_Task details_: The copy must match the data word for word and contain no pictures.

_Provided material_:

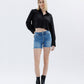 Front product images of Climax - High Rise Raw Hem Denim Shorts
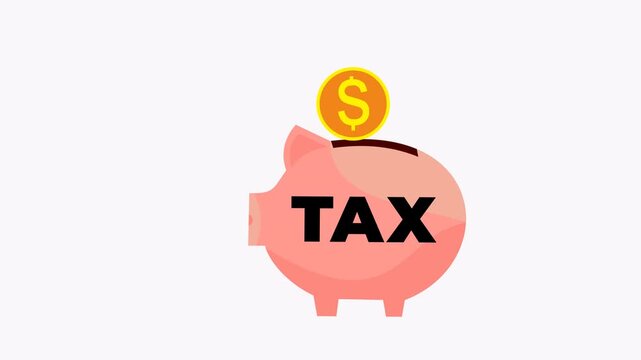 Piggy bank labeled tax with a dollar coin on top, ideal for financial or taxrelated concepts for websites or articles.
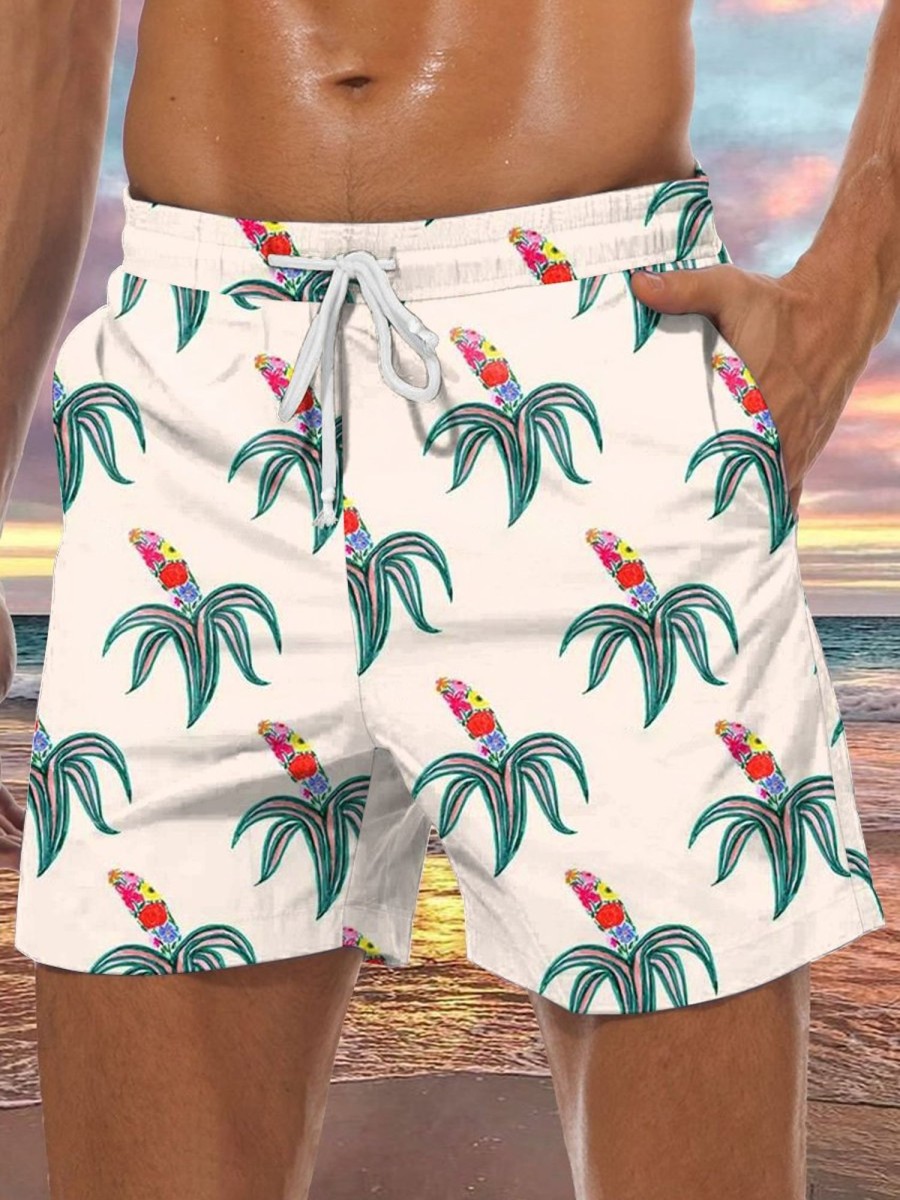 Men GYJ Bottoms | Floral Banana Print Track Shorts White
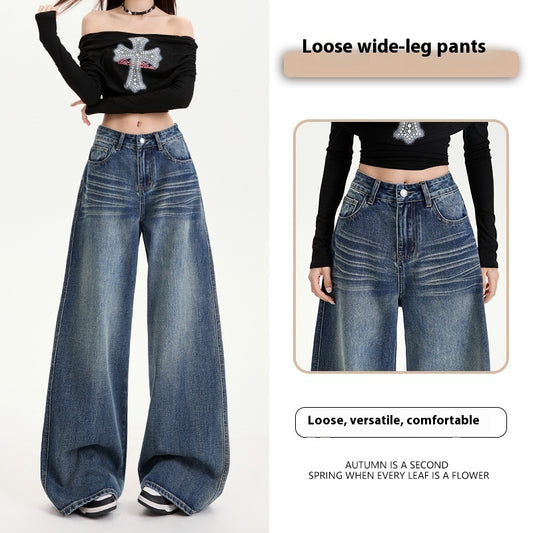 Denim Loose Wide-leg Jeans For Women's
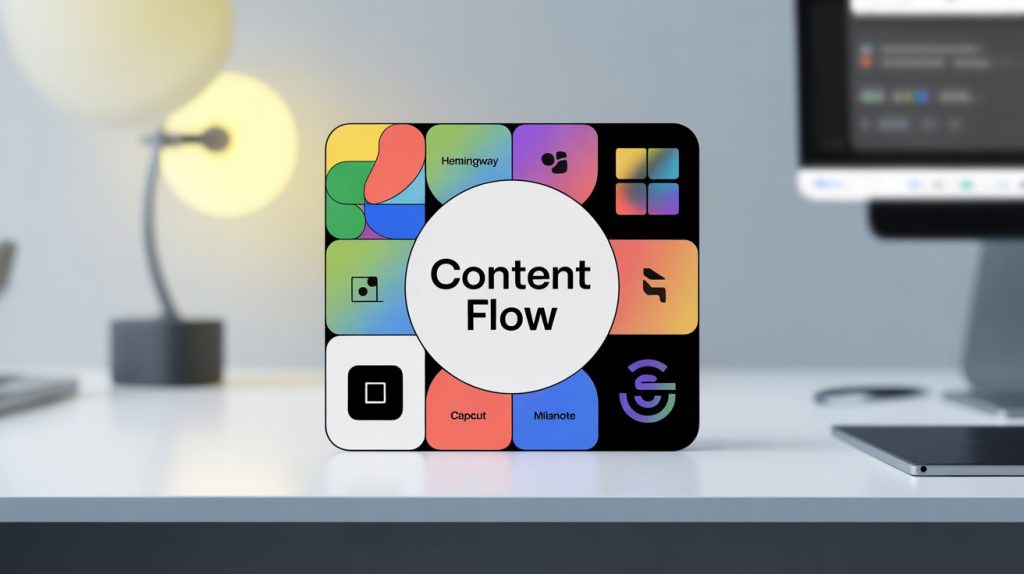An illustration of a modern toolkit with icons of various apps like Hemingway, CapCut, and Milanote, representing a strategic collection of tools for content creation.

_Solution to the exercise_:
 Front product images of Climax - High Rise Raw Hem Denim Shorts
 Piggy bank labeled tax with a dollar coin on top, ideal for financial or taxrelated concepts for websites or articles.
 Men GYJ Bottoms | Floral Banana Print Track Shorts White
 Denim Loose Wide-leg Jeans For Women's
An illustration of a modern toolkit with icons of various apps like Hemingway, CapCut, and Milanote, representing a strategic collection of tools for content creation.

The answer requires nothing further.